▸ **Exercise**
Take the listing below and write it out again exactly, skipping any picture that it holds.

--- Collected data Enclosed Below ---

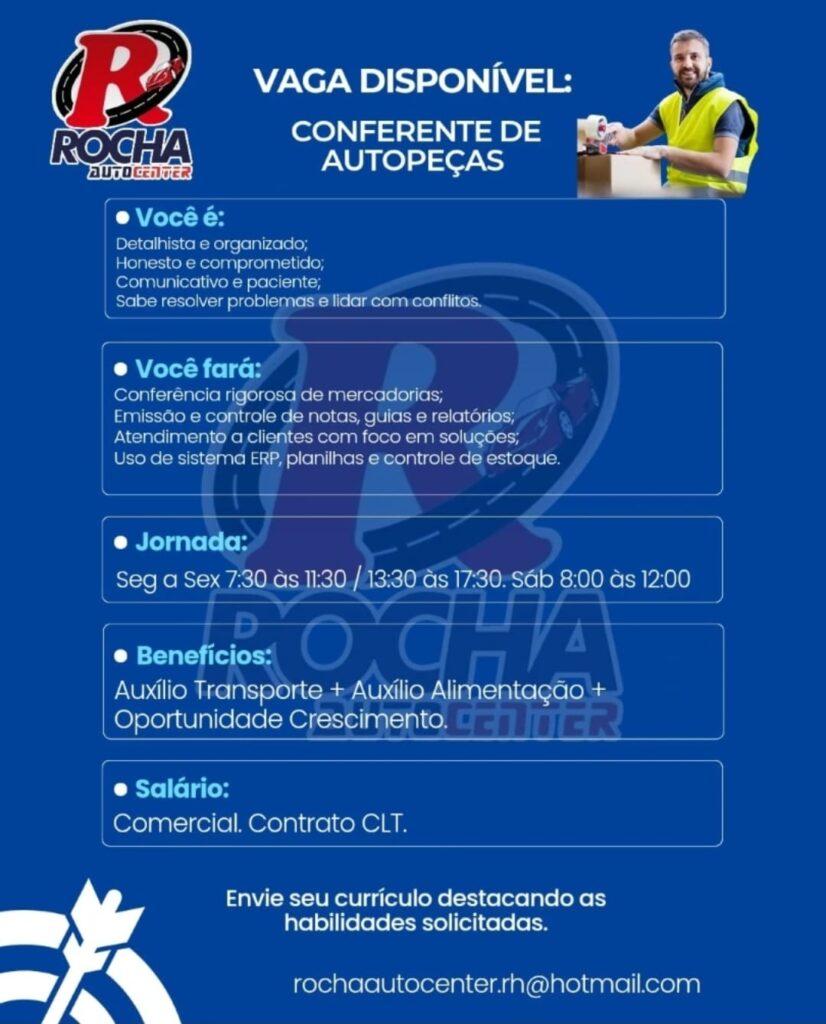 Vaga para Conferente de Autopeças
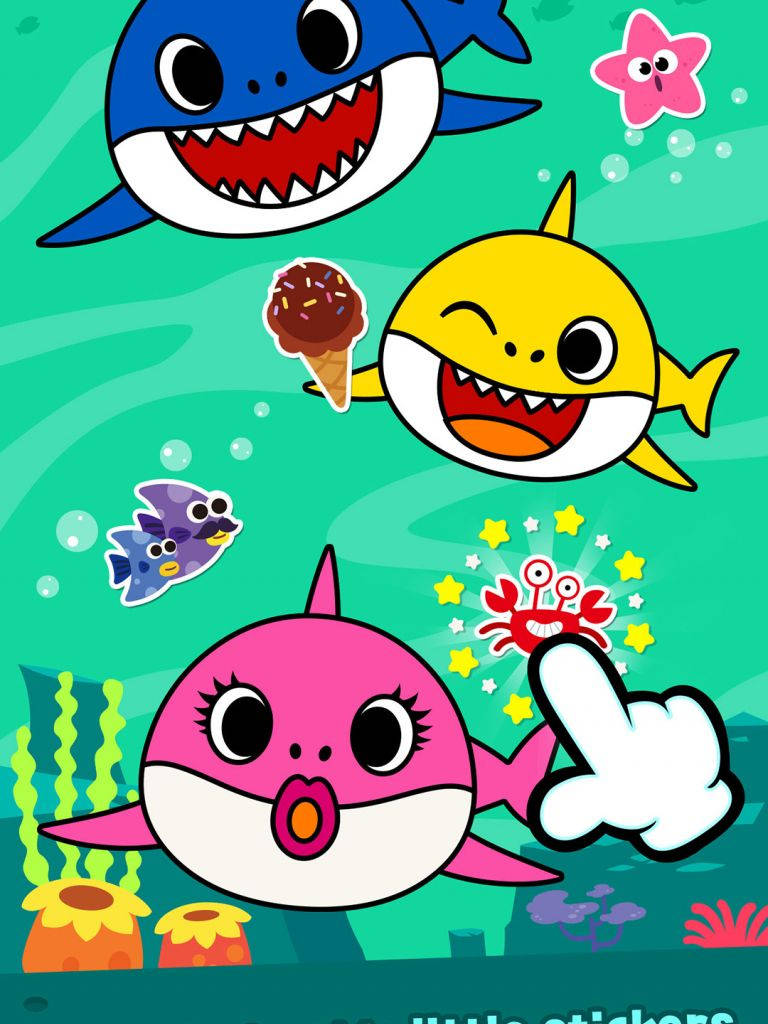 Pinkfong Baby Shark With Ice Cream Background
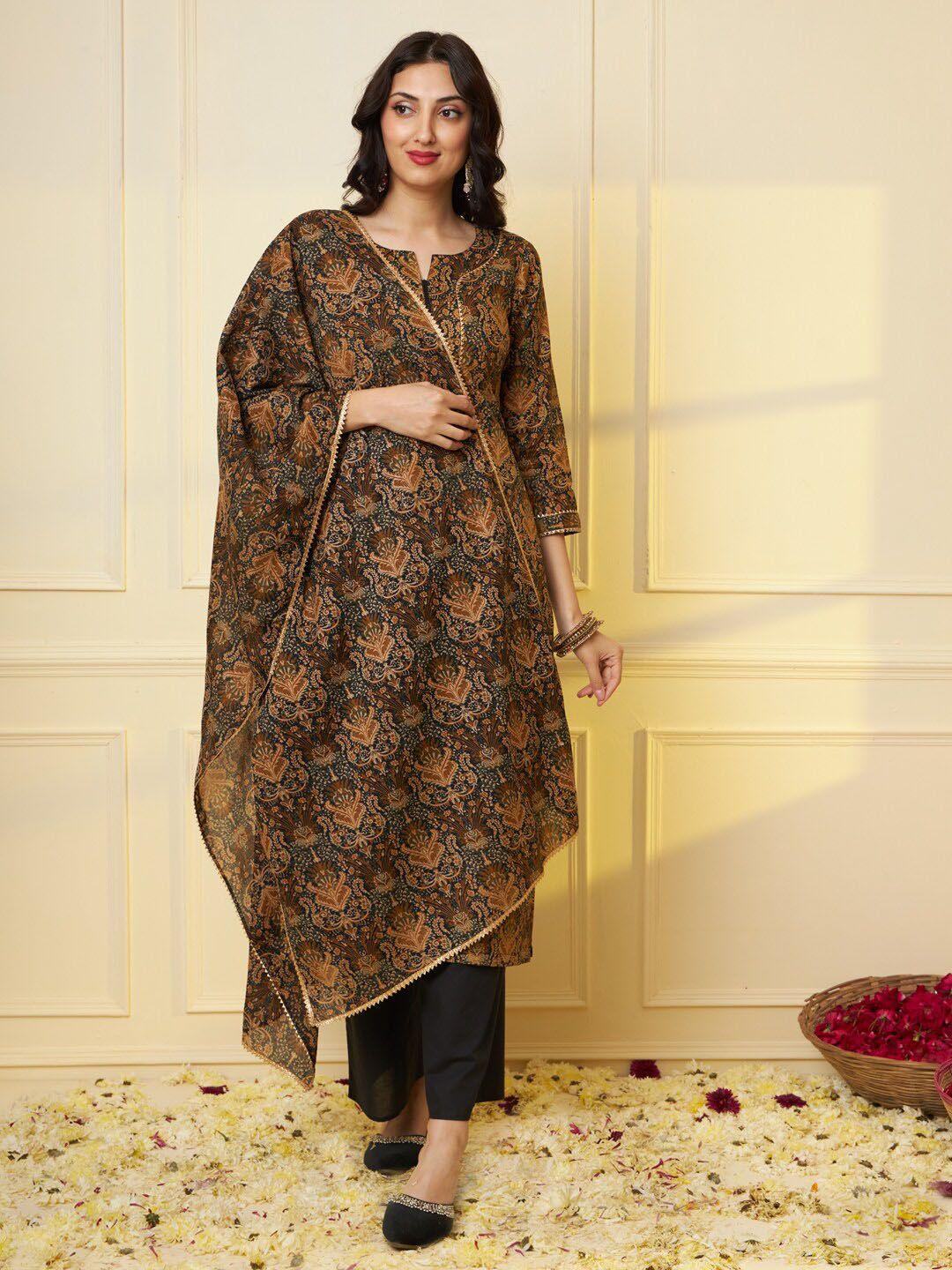 tissu floral printed pure cotton straight kurta with palazzos dupatta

--- End of Enclosed Collected data ---

▸ **Written reply**
 Vaga para Conferente de Autopeças
 Pinkfong Baby Shark With Ice Cream Background
 tissu floral printed pure cotton straight kurta with palazzos dupatta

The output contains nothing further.